The parents told the hospital social worker they only visited Maximus three times because they had flu. The hospital social worker did not believe them. He opined that “it is extremely unlikely that the parents had the flu for 43 days.”

The appellate record contains a written “NICU Discharge Follow-Ups” instruction for Maximus. It is dated January 26, 2010, and bears a nondecipherable signature on the line entitled “(parent/conservator/guardian).” It states the baby was to be seen by a pediatrician in 48 hours and by the pediatric ophthalmologist in two weeks. What appears to be an additional page for the discharge states the ophthalmologist’s name and has a written notation “2 weeks.” However, the Department’s detention and jurisdiction/disposition reports indicate that Maximum was supposed to be taken to see the ophthalmologist on January 29, 2010, the day after he was discharged from the hospital. A pediatric social worker at the hospital told the Department that both he and the ophthalmologist told Maximus’s parents that they must follow up the next day with the ophthalmologist to assess if Maximus needed surgery. By “next day, ” the hospital social worker apparently meant the day after Maximus was released from the hospital. The Department’s jurisdiction/disposition report states that when the Department social worker questioned Mother about the required ophthalmologist visit, Mother stated she had been told by a nurse to make the appointment for two weeks later. Asked why she had not scheduled an appointment Mother stated she had no phone and no car, and “it was downtown. I was trying to get into a clinic that was near me.”

Upon receiving the immediate response referral, social worker Thomas reviewed the Department’s records and discovered that on June 15, 2009, the dependency court had terminated Mother’s parental rights to her two other children, Nathan F. and Aaron F., because of Mother’s untreated substance abuse, including cocaine. Thomas also learned that on the day Maximus was born the Department received a referral regarding him because Mother had a lengthy substance abuse history and had reported only having three prenatal appointments during her pregnancy with Maximus. However, Mother’s toxicology screen was negative when Maximus was born, and after investigating the referral received on the date of his birth, including finding that the baby’s toxicology screen was negative, the Department concluded that although the allegation of caretaker absence/incapacity regarding the baby was unfounded, nevertheless there was a high enough risk of abuse and neglect so as to recommend that the family participate in 6 months of in-home services. The December 12, 2009 referral was closed. By the time Department social worker Thomas received the February 26, 2010 immediate response referral, Mother had not signed up for the recommended in home services.

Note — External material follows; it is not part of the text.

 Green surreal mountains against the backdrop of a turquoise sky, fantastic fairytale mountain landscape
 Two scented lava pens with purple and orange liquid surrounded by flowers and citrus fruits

After Thomas reviewed the Department’s records she went to the family home three times in an attempt to have a home visit and then learned the family had moved. She went to the new residence on March 3, 2010, at approximately noon. She found Mother and the minors at home and there were other adults there. Jeremiah and Maximus were dirty and were wearing dirty clothes. Thomas observed beer bottles and an empty brandy bottle in the home. Mother initially denied that she had been drinking that morning and said it was the other adults who were consuming alcohol, but then she stated she had consumed one drink. Mother acknowledged she had been told that Maximus could go blind without medical care but when asked why she had not taken the baby to the ophthalmologist, Mother gave Thomas many excuses. In her written report, Thomas opined that essentially the excuses indicated Mother was a very busy person. Asked about the minors’ respective fathers, Mother stated she did not know their whereabouts. Thomas determined that Mother was under the influence of alcohol during the home visit and there were multiple adults in the home who were also drinking. The minors were taken into protective custody by the Department that same day and placed in a foster home. The social worker observed that Jeremiah “separated easily from his mother.”

Two days after Thomas detained the children, Mother told the social worker that Maximus’s father, Jose E., had thrown objects at her while she was holding the child. On another date she told the social worker the objects were a plate and a cup. She did not make a police report. She told the social worker that she had used cocaine on or about March 1, 2010, and she used it because she was with Maximus’s father. She stated that she “relapse[s] with him.” She also stated that Jose E. likes to drink, begins drinking in the morning and drinks all day, likes to use cocaine when drinking, “gets physical when he drinks, ” and “[i]f he doesn’t drink he gets sick.” Mother tested positive for cocaine on March 4, 2010.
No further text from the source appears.